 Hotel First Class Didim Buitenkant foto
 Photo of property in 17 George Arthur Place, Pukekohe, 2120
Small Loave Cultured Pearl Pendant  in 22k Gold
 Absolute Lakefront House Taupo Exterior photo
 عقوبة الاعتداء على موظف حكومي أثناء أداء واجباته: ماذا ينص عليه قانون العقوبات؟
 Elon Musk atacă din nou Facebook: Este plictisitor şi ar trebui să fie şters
--------------------------------
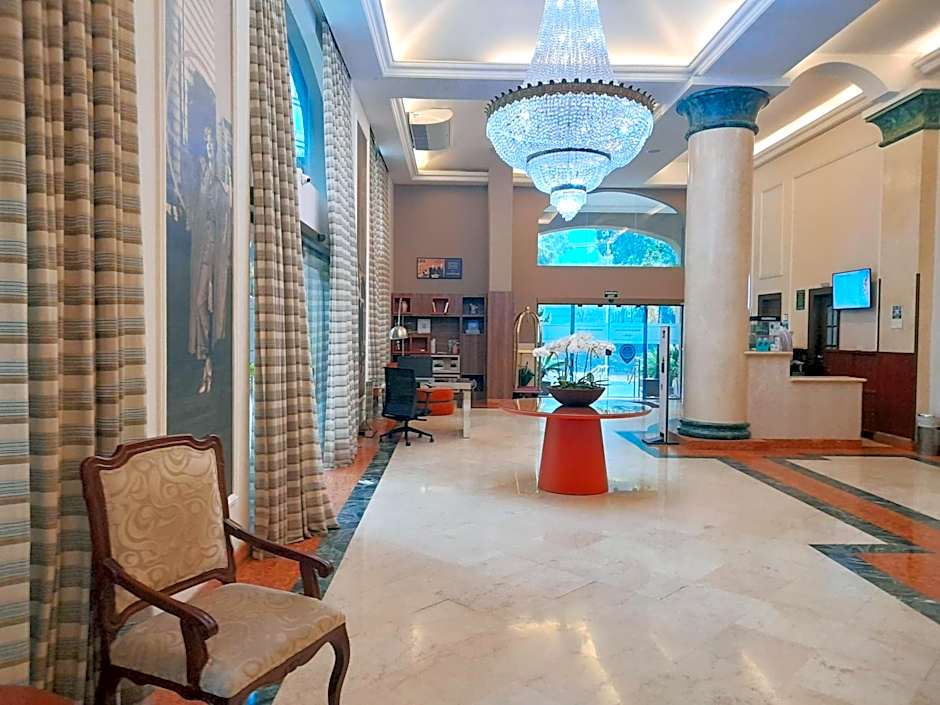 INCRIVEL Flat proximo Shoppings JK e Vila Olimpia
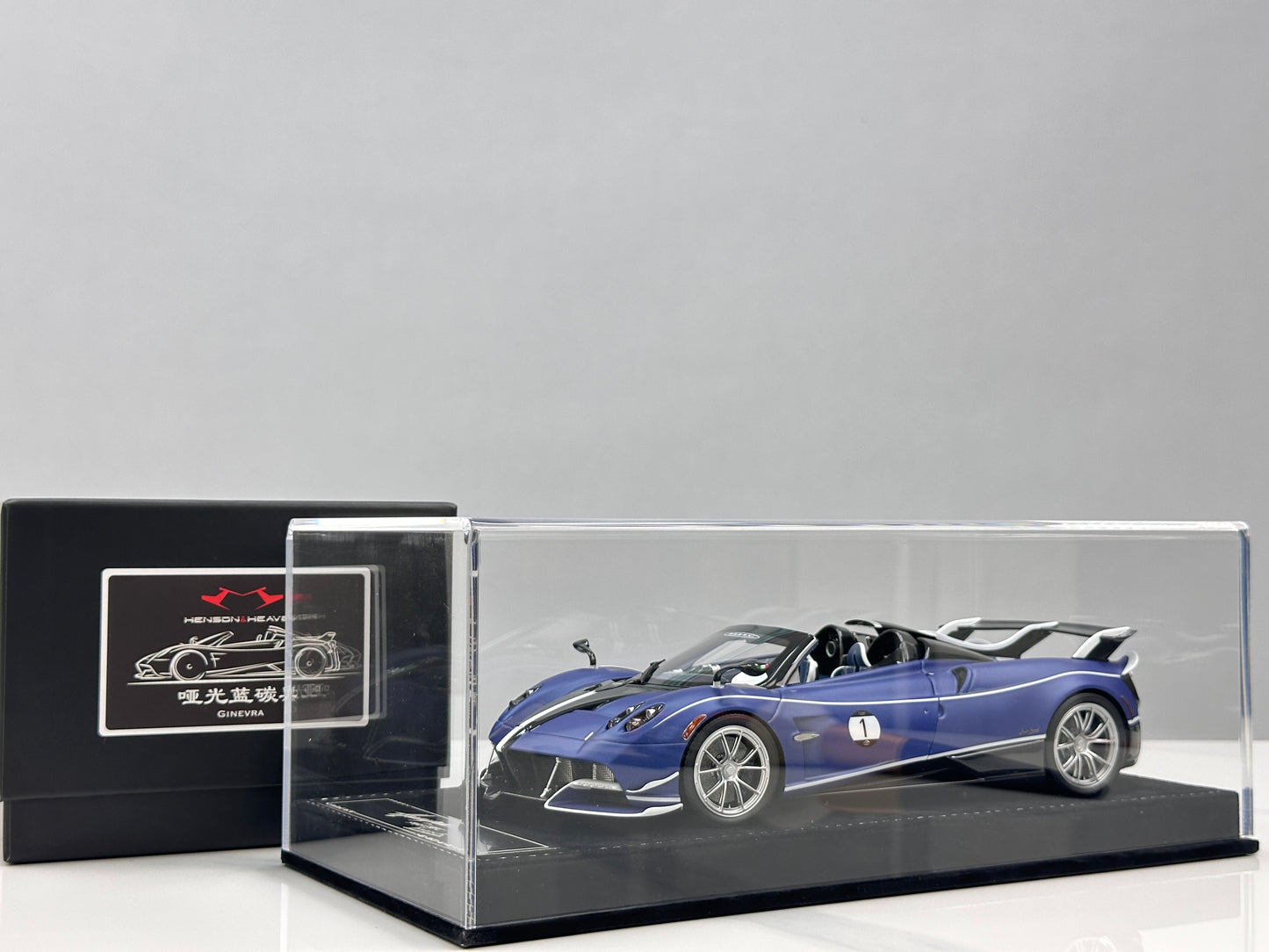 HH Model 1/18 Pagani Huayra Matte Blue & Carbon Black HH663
--------------------------------
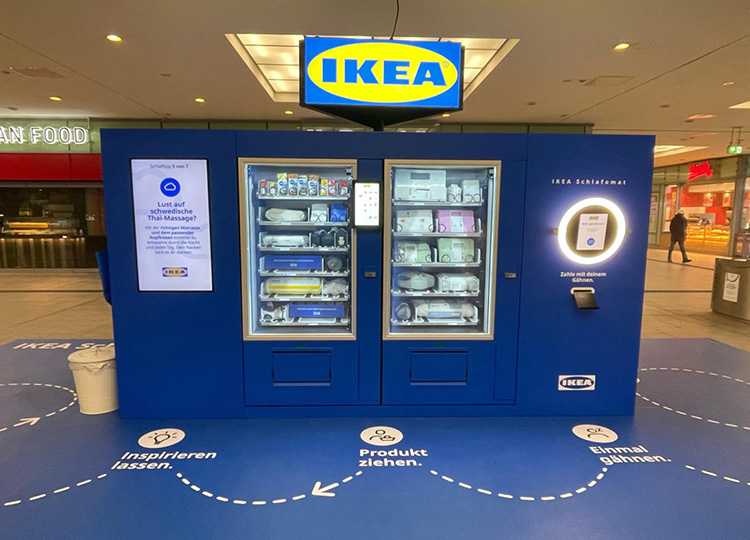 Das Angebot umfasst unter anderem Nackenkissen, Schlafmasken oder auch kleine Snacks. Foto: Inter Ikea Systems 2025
--------------------------------
TASK DESCRIPTION: An exact copy of the lines above between the line holding "Hotel First Class Didim Buitenkant foto" and the line holding "Elon Musk atacă", inclusive, is the whole answer.

WRITTEN REPLY:
 Hotel First Class Didim Buitenkant foto
 Photo of property in 17 George Arthur Place, Pukekohe, 2120
Small Loave Cultured Pearl Pendant  in 22k Gold
 Absolute Lakefront House Taupo Exterior photo
 عقوبة الاعتداء على موظف حكومي أثناء أداء واجباته: ماذا ينص عليه قانون العقوبات؟
 Elon Musk atacă din nou Facebook: Este plictisitor şi ar trebui să fie şters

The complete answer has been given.